My four-year-old’s big threat for the next almost two years was “I’m going to tell Miss Page I hate it here and we’ll get to move to someplace without rules.” She really did not understand that no one was coming to get her because she didn’t like picking up her socks off the floor. In fact, Miss Page had never moved her to another foster home because she asked for it. I couldn’t break her heart and tell her that, though, so I just let her rage. Eventually, she grew out of it.
In addition to their caseworker from the state no longer visiting, my friend, our agency caseworker, didn’t have a reason to visit regularly anymore either. She was busy and we lived far away. I found myself wishing for those several hour-long chats where we problem-solved and discussed how things were going. She is a delight and for her to suddenly not be an active part of our lives was jarring.
In addition to the obvious, caseworkers, lawyers, judges, etc not interacting with us regularly anymore, the whole foster care community became something I was no longer a part of, but outside of. Sure I could and can offer helpful advice. I can organize a meal train like a champ and I’m your girl if you need a midnight Walmart run for stuff you forgot. But the camaraderie, the in-the-trenches-together part of it drifted away. Which, in fairness, makes sense.

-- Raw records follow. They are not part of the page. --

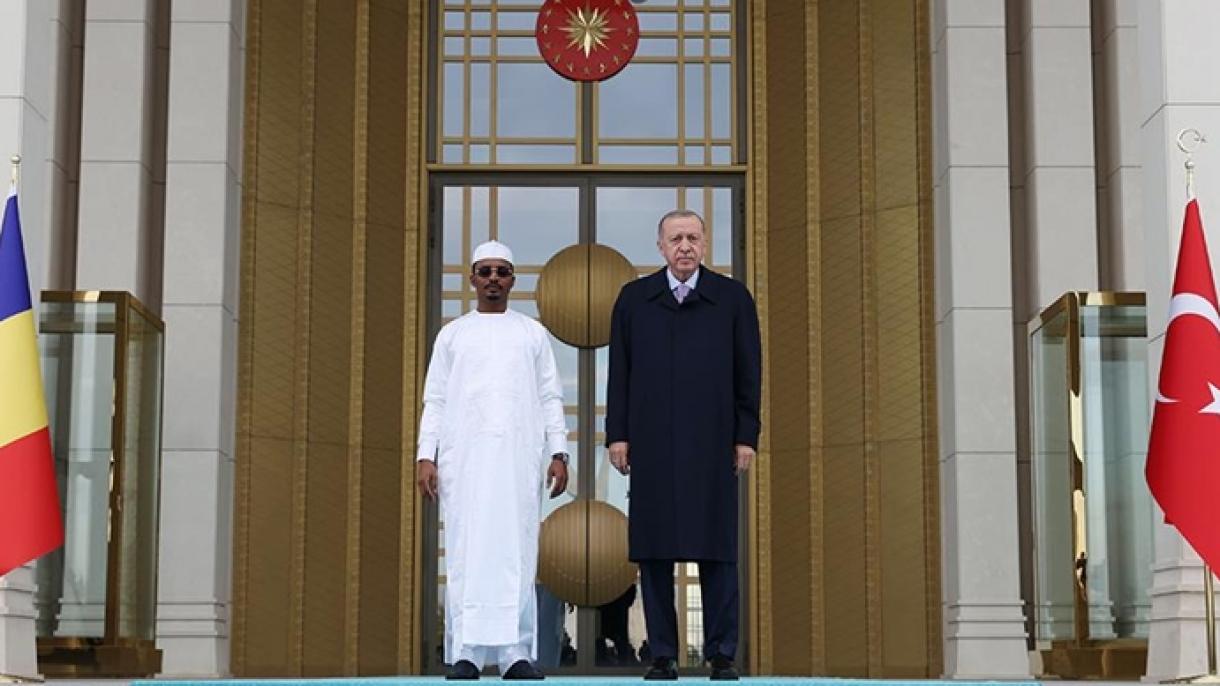 Временния президент на Чад Итно е на посещение в Анкара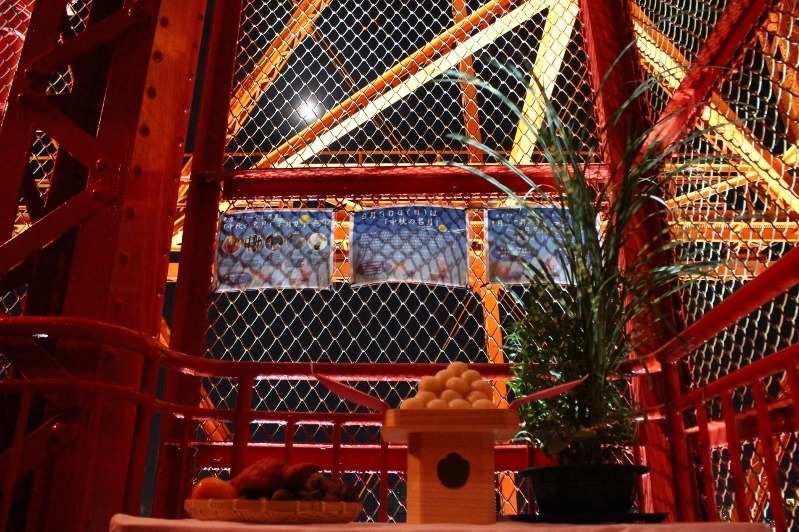 東京タワー「お月見外階段ウォーク」約600段の昇り外階段で楽しむ中秋の名月、竹灯籠も設置｜写真1
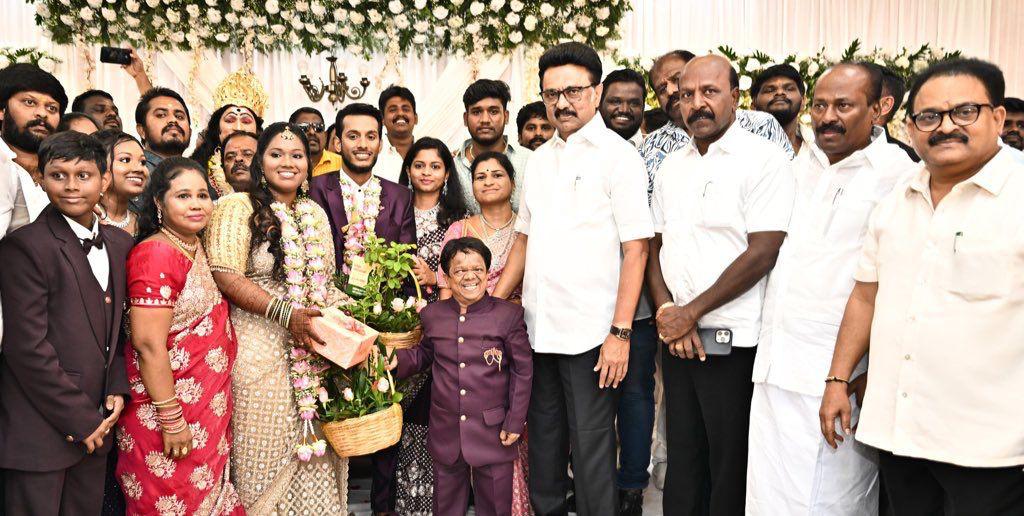 MOHAN K DMK NKL (@20101976m) on Twitter photo மாண்புமிகு தமிழ்நாடு முதலமைச்சர் திரு.<a href="/mkstalin/">M.K.Stalin</a> அவர்கள் சென்னையில் நடைபெற்ற நடிகர் திரு. ஏ.சங்கர் (எ) கிங்காங் அவர்களின் மகள் எஸ்.கீர்த்தனா - கி.நவீன் ஆகியோரது திருமண வரவேற்பு நிகழ்ச்சியில் கலந்து கொண்டு மணமக்களை வாழ்த்தினார்…
<a href="/actorkingkong/">👑Actor KingKong👑</a> மாண்புமிகு தமிழ்நாடு முதலமைச்சர் திரு.<a href="/mkstalin/">M.K.Stalin</a> அவர்கள் சென்னையில் நடைபெற்ற நடிகர் திரு. ஏ.சங்கர் (எ) கிங்காங் அவர்களின் மகள் எஸ்.கீர்த்தனா - கி.நவீன் ஆகியோரது திருமண வரவேற்பு நிகழ்ச்சியில் கலந்து கொண்டு மணமக்களை வாழ்த்தினார்…
<a href="/actorkingkong/">👑Actor KingKong👑</a>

Foster care is different animal from adoption. It is full of unknowns in a way that adoption is not. There are still unknowns of course, but one of them is not “Is the caseworker going to call tomorrow and come take my kids to another home?” I wouldn’t want to be reminded constantly how permanent my relationship with the kids I love isn’t. In fact, I wept attending a friend’s adoption party because I couldn’t imagine seeing my kids leave, but I also couldn’t imagine a future where they’d get to stay. Turns out I was all worried over nothing, but that doesn’t change the way I felt at the time.
What hurt the worst was the feeling of how no one cared anymore. I didn’t want applause, but I did wish people could still come to help me clean up the 10,0000 messes my terror trio made that day. But now that these kids were mine, no one felt I needed any more help. It didn’t matter.
It wasn’t until I fell into a particularly low place in my depression that I was even aware of what was bothering me. I am an introvert. I exist the most happily all by myself piled under a heated blanket, sipping coffee, alternately staring out a rainy window, and rereading a favorite book. Being by myself was never something I minded before. And that didn’t really change, but my ability to say “hey, I need a break, could you watch these kids for an hour while I nap or shower without an audience or my house being destroyed?” seemed to leave out the door with the caseworkers.
How much of this is my fault is up for debate. I could take all of the blame of course. I tend to isolate myself when I feel overwhelmed. But it is something our community could do better. I might need more help now that they are all mine and the state has no say in the decision-making processes. I think post-adoption is twofold. One, make sure your support network is in place before adoption is finalized; and two, normalize asking for help when you need it. It shouldn’t need to be couched in the terms of “our foster kids” for our need to be very real.